In 1986 and 1987 I was Head of the Social Sciences department of the Dayton public library.  This meant that every fourth Saturday I was in charge of the Main Library and all 18 branches.  Typically, this was not a problem.  But the threat of a serious event always kind of hung over my head like a cloud.

Early one Saturday morning, Mike, the Pinkerton guard, walked into my office and said "We got a problem."  I couldn't imagine what, since we had just opened, but Mike indicated that I should follow him.

As we headed toward the front staircase I noticed one of our regular homeless guys (I'm pretty sure his name was Tommy) sitting at a table.  He looked up at me rather sheepishly and then quickly turned away.  Tommy was a frail older guy, maybe in his mid-to-late 60s.  Tommy was also an epileptic.  When I saw that he wasn't seizing up I immediately thought that this "problem" couldn't be that bad.

Mike walked straight up to a narrow planter that ran parallel to the front staircase.  Standing directly over the planter, he pointed.  I looked and immediately saw (and smelled) a large splatter of vomit.  When I glanced back at Mike he nodded towards Tommy.  By this time Tommy had taken on the appearance of a whipped pup.  After a few seconds of us looking at him, he blurted out in a feeble attempt at self-defense: "At least most of it's in the planter."

Normally, my next move would have been a no-brainer.  Call the maintenance department.  Unfortunately, it was a Saturday morning, just after 9:00, and the maintenance guy didn't come in until 11:00.  I weighed my options and decided that rather than taking advantage of the always helpful "other duties as assigned" section that appeared at the bottom of everyone's job description, it would be simpler just to clean the mess up myself.

By the time I returned from the maintenance closet with the mop bucket and cleaning supplies, Mike and Tommy were both standing at the planter, gazing intently.  I started working on my very unexpected Saturday chore when Mike announced: "Damn, Tommy - you gotta chew your food better!  I can see everything that you ate."  Tommy explained that he was always hungry and so he usually ate pretty quickly.

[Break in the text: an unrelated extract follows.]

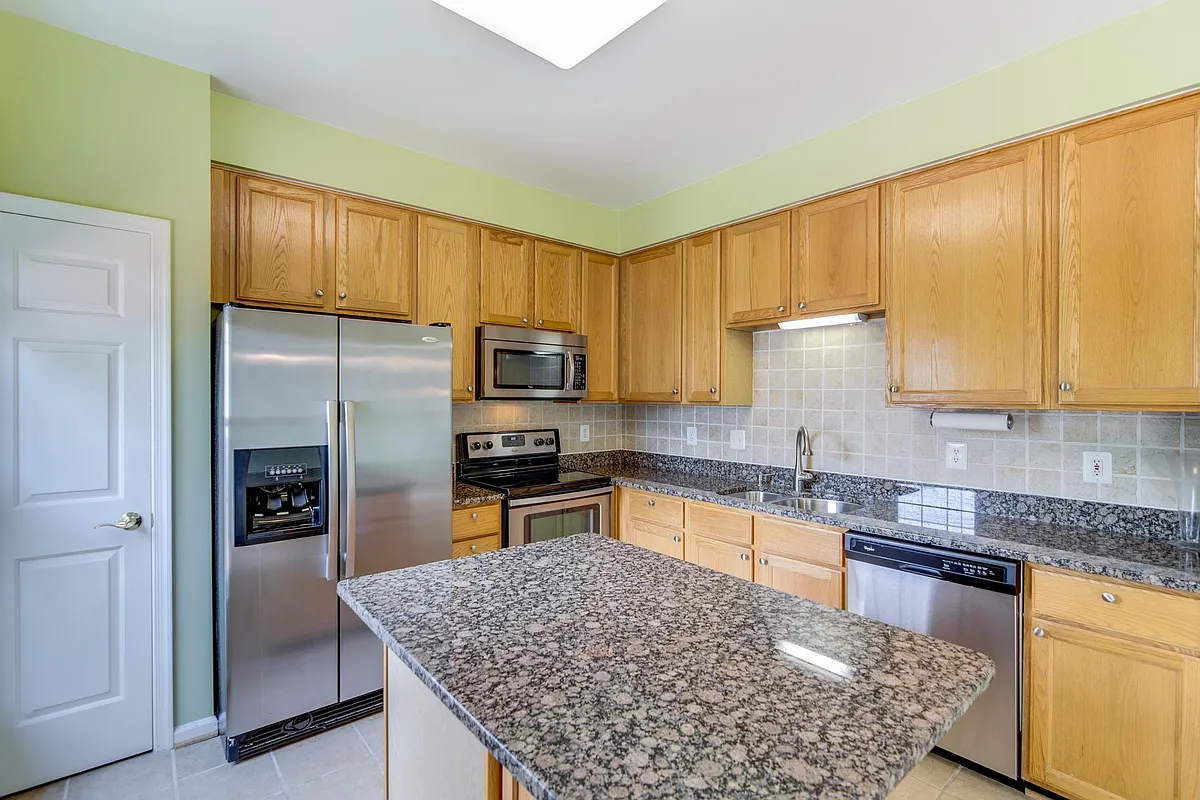 Building Photo - 6316 Meadow Glade Ln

I stopped mucking homeless hurl for a couple of seconds and stared at the wall - replaying the conversation that I had just heard.

As soon as I got back to cleaning up, Tommy suddenly became quite animated and indignantly asked: "Where are my green beans?!"  He then explained to Mike that he had eaten green beans at the shelter the night before and that they should be represented in his vomit.

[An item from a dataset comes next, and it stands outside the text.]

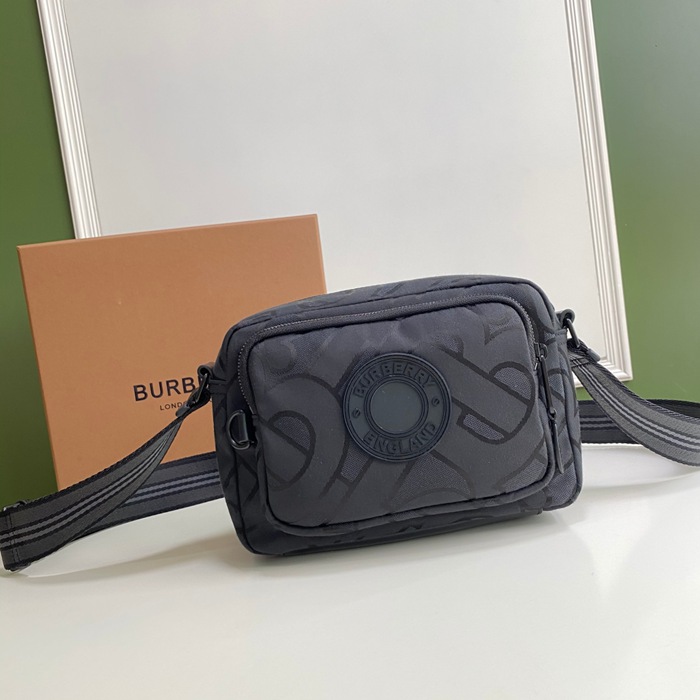 BURBERRY 3482 ナイロンカメラバッグ サイズ:23x15cm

That's right.  Tommy felt gastrointestinally short-changed. 

I guess when a person is destitute and living day-to-day the parameters of ownership are completely redefined.   

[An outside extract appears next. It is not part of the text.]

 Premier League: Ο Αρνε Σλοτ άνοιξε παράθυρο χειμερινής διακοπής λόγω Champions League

After I finished cleaning up, Mike asked me if he should kick Tommy out of the library.  I said "For vomiting?"  He just kind of shrugged.  I told him "No" that he should not kick Tommy out of the library.  But I did ask him to make sure that Tommy remained seated very close to an exit door and that he should hustle Tommy outside if he senses any sort of heaving that is not epilepsy-related.

I am happy to report that Tommy made it through the remainder of that Saturday without any type of incident. 





Bird Of Paradise



I worked at the Dayton public library Social Sciences reference desk during the mid-80s. The desk was at the end of a long hall that led to and from one of the library's main entrances. To the left of the desk, along the west window, there were several plants, including a very large bird of paradise.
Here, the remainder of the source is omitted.